### EXERCISE BRIEF:
An exact reproduction of all the data is needed, with no images in it.

### THE DATA:

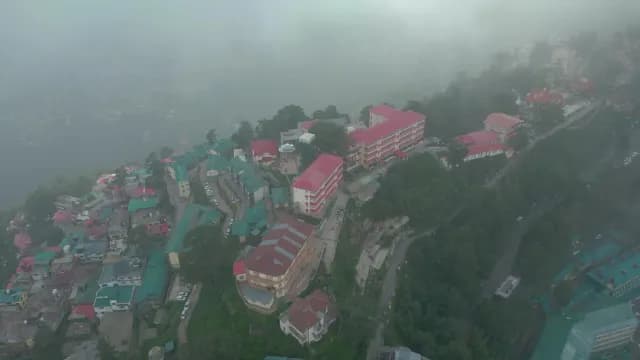 Aerial View of Misty Shimla Hill Station with Colorful Buildings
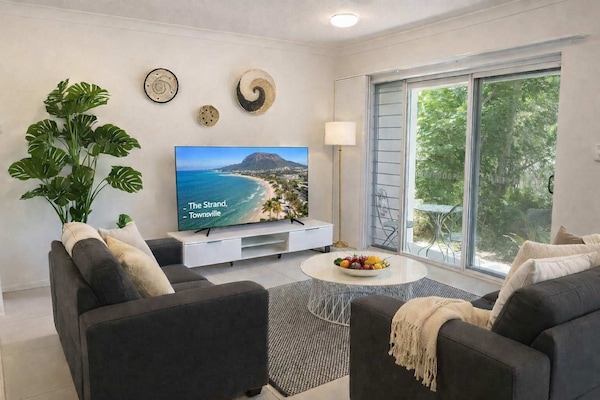 Bright living area with air conditioning and comfortable seating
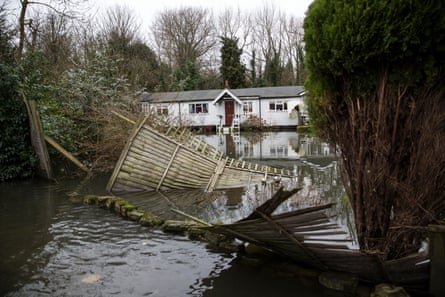 A flooded garden by a river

### THE ANSWER:
 Aerial View of Misty Shimla Hill Station with Colorful Buildings
 Bright living area with air conditioning and comfortable seating
 A flooded garden by a river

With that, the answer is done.